Ex-PM confirma que policial reformado Ronnie Lessa assassinou Marielle Franco e Anderson Gomes

Marielle

Em delação premiada à PF, Élcio Queiroz (centro) admitiu a participação dele, de Ronnie Lessa (à esquerda) e do ex-bombeiro, conhecido como Suel, no crime/Reprodução

Maxwell Simões Corrêa, o Suel, chega a sede da PF, no Centro do Rio/Gabriel de Paiva / Agência O Globo

O ministro da Justiça e Segurança Pública, Flávio Dino, durante coletiva na qual detalhou a operação da PF/Reprodução

Marielle Franco e Anderson Gomes foram assassinados na noite de 14 de março de 2018/Reprodução

O ex-bombeiro foi preso em casa, no Recreio dos Bandeirantes, na Zona Oeste do Rio/Reprodução

O ex-policial militar Élcio Queiroz admitiu, em delação premiada à Polícia Federal (PF), a participação dele, do ex-policial reformado Ronnie Lessa e do ex-bombeiro Maxwell Simões Corrêa, o Suel, na morte da vereadora Marielle Franco e do motorista Anderson Gomes. A informação foi divulgada pelo ministro da Justiça e Segurança Pública, Flávio Dino, que concedeu coletiva de imprensa na manhã desta segunda-feira (27/4) ao lado do diretor-geral da PF, Andrei Rodrigues, e do diretor do Sistema Penitenciário Federal substituto, Renato Vaz. Em depoimento já homologado pela Justiça, Élcio confessou a participação no assassinato e detalhou a ação criminosa.

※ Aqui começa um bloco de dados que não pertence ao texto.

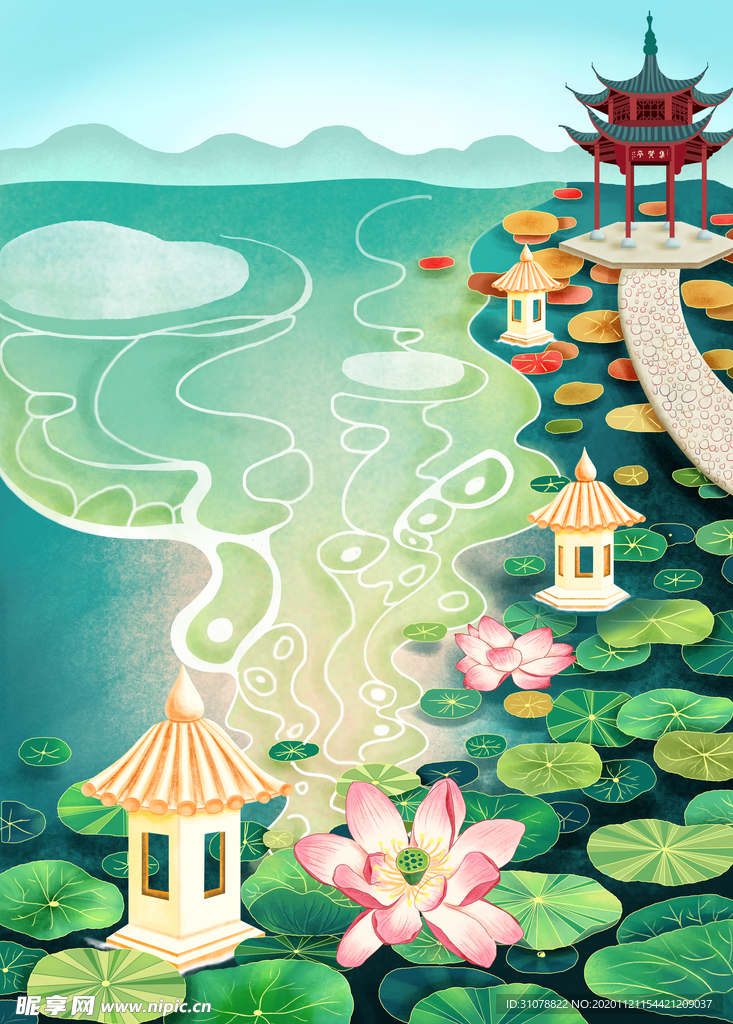 创意卡通插画图案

Preso desde 2019, Élcio confirmou que dirigiu o carro usado no ataque. E disse que
Ronnie foi o responsável pelos disparos de submetralhadora contra Marielle.
“Tivemos uma delação, uma colaboração premiada, do senhor Élcio Queiroz – como
todos os senhores sabem, há alguns anos, essa investigação gira em torno desses
dois personagens: Ronnie e Élcio. Nessa delação, o senhor Élcio revelou a
participação de um terceiro indivíduo, que é o Maxwell, e confirmou a participação
dele mesmo e do Ronnie Lessa”, afirmou o ministro Dino.

Prisão de Suel
O ex-bombeiro, conhecido como Suel, acabou preso pela manhã, emsua casa no Recreio dos Bandeirantes, na Zona Oeste do Rio, durante a Operação Élpis, a primeira deflagrada pela PF sobre os assassinatos ocorridos em 2018. Além
da prisão preventiva de Maxwell, outros sete mandados de busca e apreensão
foram cumpridos na cidade do Rio de Janeiro (RJ) e Região Metropolitana.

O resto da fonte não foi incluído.